Archuleta had a lot to say about this year’s Ravens’ defense, noting how different they’ve looked from years past and why this might mean we’re in for a shootout come Sunday:

“As it pertains to the Ravens’ defense, they’ve been a top defense the last three seasons and they’ve been a top 10 scoring defense forever – they’re not playing up to typical Ravens standards, certainly not where they have been. They’ve played some really good offenses, obviously the injuries may have something to do with it – the one thing that I think they’re lacking is the consistent pass rush. They really haven’t been able to get after the quarterbacks, whether a three or four man rush, for a long time. I know Don Martindale, their defensive coordinator, loves to pressure and he loves to blitz – and they get pressure in that way. But, I think the more you rely on that blitz, teams can take advantage of it. Teams have been able to catch them in blitzing situations this year, and they can’t give their secondary a break to deal with some of those injuries and play a little bit more zone. If they don’t rush or blitz, they’re not getting pressure – and I think that’s one area where they can step it up. You can run the ball on them, they’re not this iron curtain up front. They’re a very good defense, but they’re not this defense that’s a suffocating defense where you can’t run it and you can’t pass it. I think it is a defense that you can move the ball on, and the Chargers – with what they have – are certainly more than capable of moving the ball. It’ll be really fun to watch how these two football teams matchup.”

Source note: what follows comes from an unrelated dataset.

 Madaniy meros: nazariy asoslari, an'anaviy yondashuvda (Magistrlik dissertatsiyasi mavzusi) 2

Heading into the game, the Herbert is ranked as the 7th overall quarterback in the league, while Jackson comes in just one ahead at 6th. Despite this, Caesar’s Sportsbook has the Chargers at +2.5 over the Ravens. When asked if he would rather face Herbert or Jackson if he was still playing, Archuleta had a surprising response.

Who would you be least excited about going into a game against – you gotta face Justin Herbert or you gotta face Lamar Jackson – how would you try to stop both players?

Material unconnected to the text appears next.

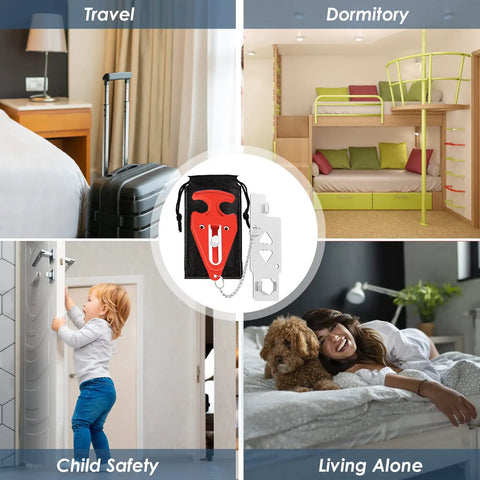 Travel Safe Portable Door Lock For Hotels And Rentals Universal L Shaped Door Lock Latch shown in travel and home scenarios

“It’s not an easy question, but I would rather face Herbert than Jackson. Purely because at least, if I’m facing Herbert, we’re playing more of a conventional offense. I know he’s a talented guy and he’s gonna make throws, but when you play Jackson it throws you into such a foreign place. Now you have all the misdirection components of their offense, you have all the different option components of the offense and you have him in the open field. In a normal football sense you develop a spatial intelligence and awareness of where your help is and where your guys are in certain coverages, but with Jackson he throws it all out the window. You’re not playing on instincts, and their offense forces you to think. When you think, then you’re a step slow. Now you’re a step slow against Jackson in the open field – who is among the most special open field runners in the NFL. People are thinking and you’re doing things you don’t typically do, and that’s why you see so many wide open receivers when you play the Ravens. With Jackson, you can really only play a couple defenses. He knows you’re gonna be in zone, and probably in a single-high zone, you really can’t play man. You don’t have nearly as much disguise options, as much of your toolbox – he has the advantage when you’re playing against him thanks to his skillset as a runner, and how the Ravens put their scheme together to take advantage of all that. I would rather play Herbert – or any passing quarterback for that standpoint”

Matchup odds have the game at o51.5, meaning that between the two teams, the combined score for the game is predicted to be around 52 total points as fans should look for an exciting shootout at the hands of Herbert and Jackson.